Question

Pls, help me with this math question

Answer 1

Answer:

Perimeter $\sqrt{26}+\sqrt{5}+\sqrt{10}+\sqrt{17}$ units.  Area 12 square units.

Step-by-step explanation:

Perimeter: total distance around the figure.

Distance Formula:  the distance between points $\left(x_1,y_1\right) \text{ and } \left(x_2,y_2\right)$ is

$d=\sqrt{\left(x_2-x_1\right)^2+\left(y_2-y_1\right)^2}$

$AB=\sqrt{(6-1)^2+(2-1)^2}=\sqrt{25+1}=\sqrt{26}$

$BC=\sqrt{(5-6)^2+(4-2)^2}=\sqrt{1+4}=\sqrt{5}$$CD=\sqrt{(2-5)^2+(5-4)^2}=\sqrt{9+1}=\sqrt{10}$$DA=\sqrt{(1-2)^2+(1-5)^2}=\sqrt{1+16}=\sqrt{17}$

The perimeter is the sum of all those segment lengths.

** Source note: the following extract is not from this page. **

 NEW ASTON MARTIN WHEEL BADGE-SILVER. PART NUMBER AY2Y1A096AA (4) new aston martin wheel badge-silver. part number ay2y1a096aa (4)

One way to find the area of the figure is to surround it with a rectangle, insert some lines so that the areas you do not want can be found and subtracted from the rectangle's area.  (See attached image.)

The area of the large rectangle around the figure is 5 x 4 = 20 square units.

The triangles have areas 1/2 (base) (height):

A. (1/2)(1)(4) = 2 square units

B. (1/2)(3)(1) = 1.5 square units

D. (1/2)(1)(2) = 1 square unit

E. (1/2)(5)(1) = 2.5 square units

Square C.  (1)(1) = 1 square unit

Total of all the area you don't want to include:

2 + 1.5 + 1 + 2.5 + 1 = 8 square units

Subtract 8 from the surrounding rectangle's area of 20, and you get the area of the figure is 20 - 8 = 12 square units.